- Provided entries -

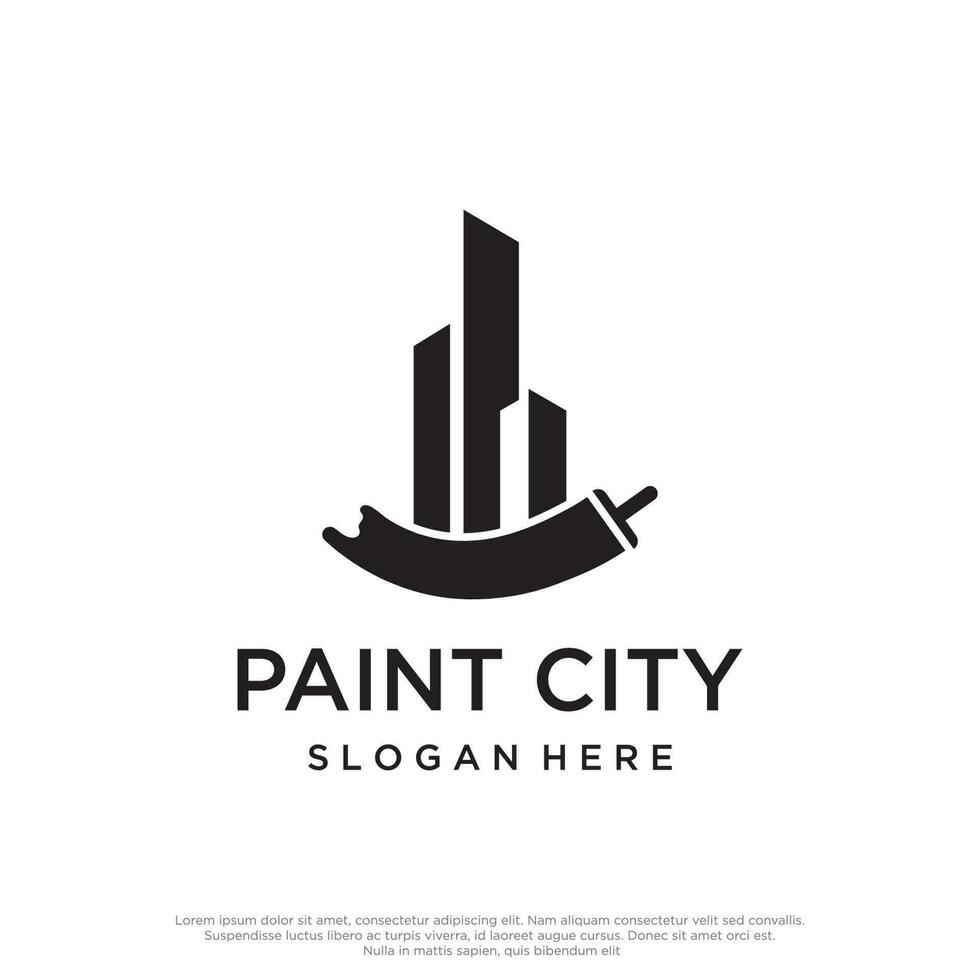 Paint brush and roll logo template creative design for home and city service. vector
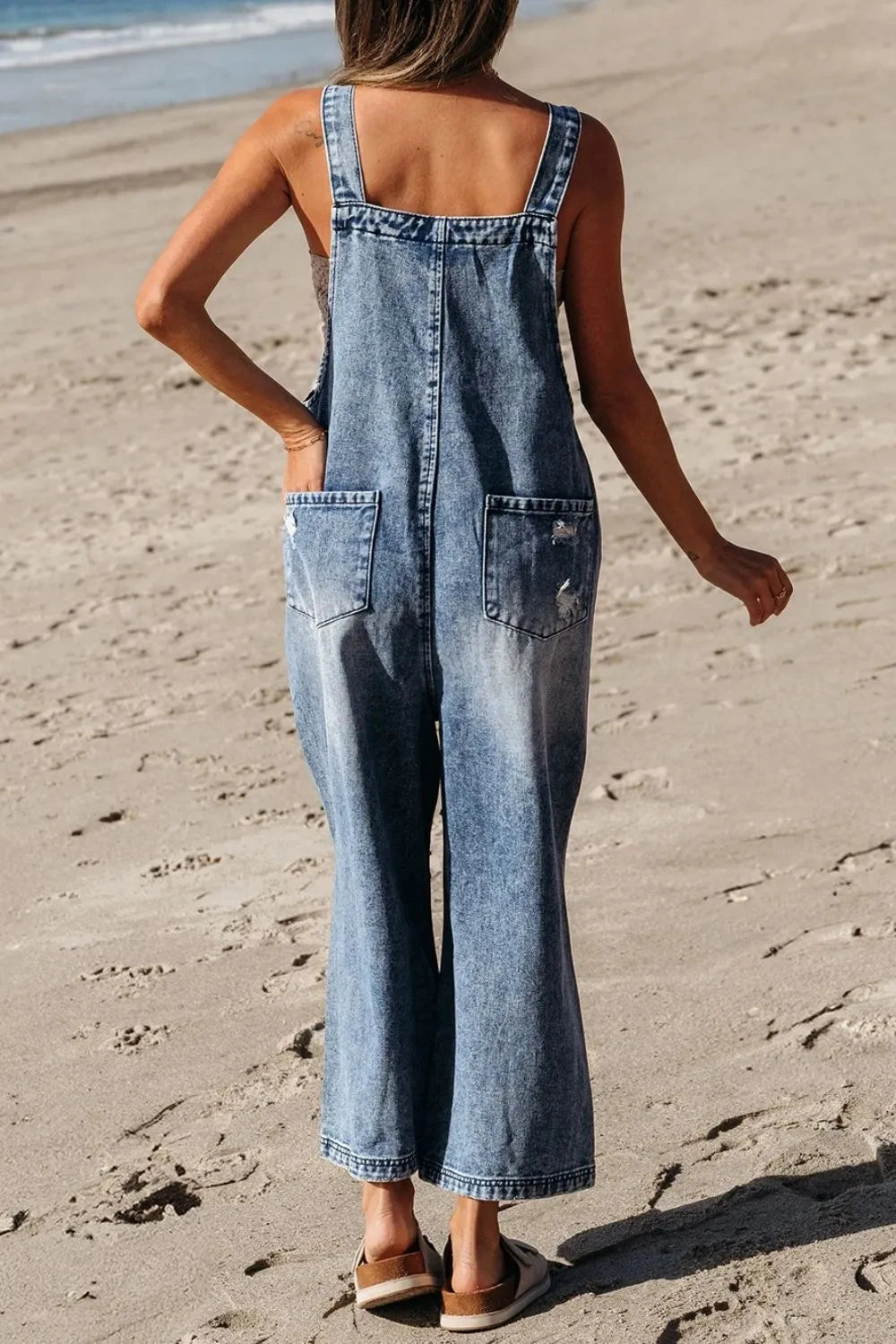Distressed Bib Pocket Wide Leg Denim Overalls Simply Love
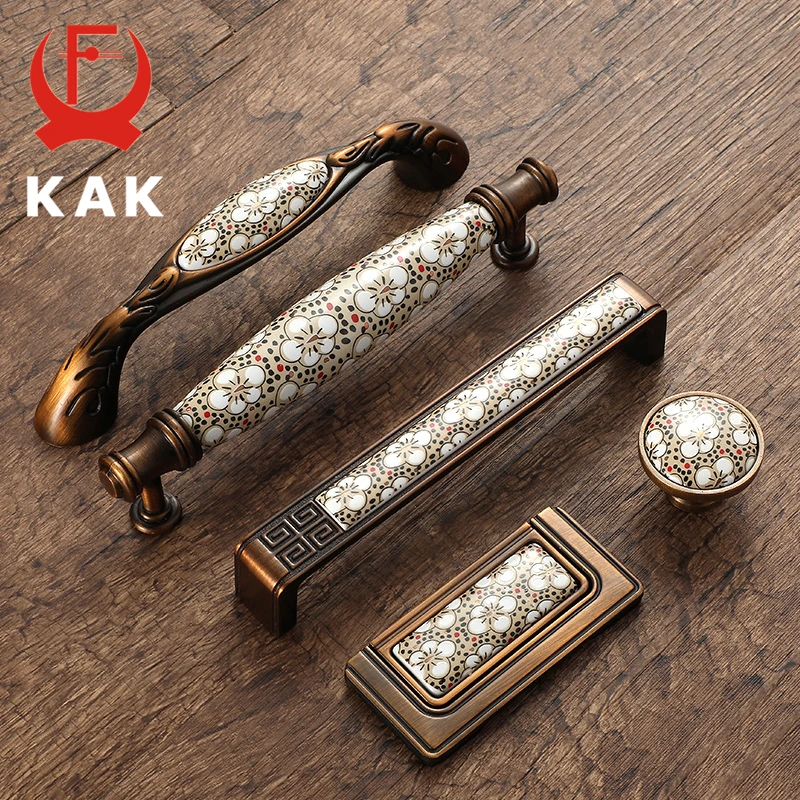 KAK Antique Bronze Ceramic Cabinet Handles Vintage Drawer Knobs Wardrobe Door Handles European Furniture Handle Hardware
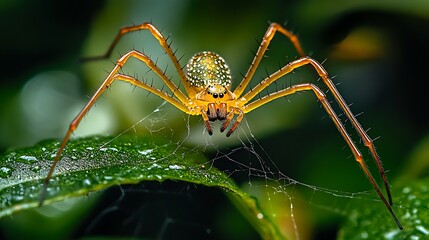 Wall Mural - Golden spider crafting a web in detailed focus with dark background contrast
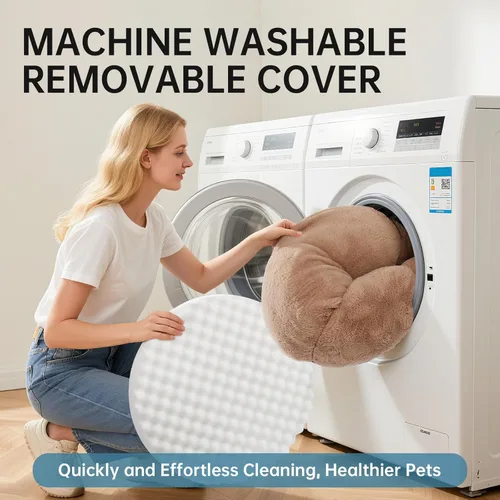 Miniatura 6 de OhGeni Cama calmante para perros y gatos de 20 pulgadas en forma de dona para mascotas pequeñas, cálida y cómoda, esponjosa, duradera, lavable a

- What you need to do -
Reproduce precisely the lines of the entries above, from the one containing "Wall Mural - Golden" through the final one, both ends included, and omit the pictures.

- Result below -
 Wall Mural - Golden spider crafting a web in detailed focus with dark background contrast
 Miniatura 6 de OhGeni Cama calmante para perros y gatos de 20 pulgadas en forma de dona para mascotas pequeñas, cálida y cómoda, esponjosa, duradera, lavable a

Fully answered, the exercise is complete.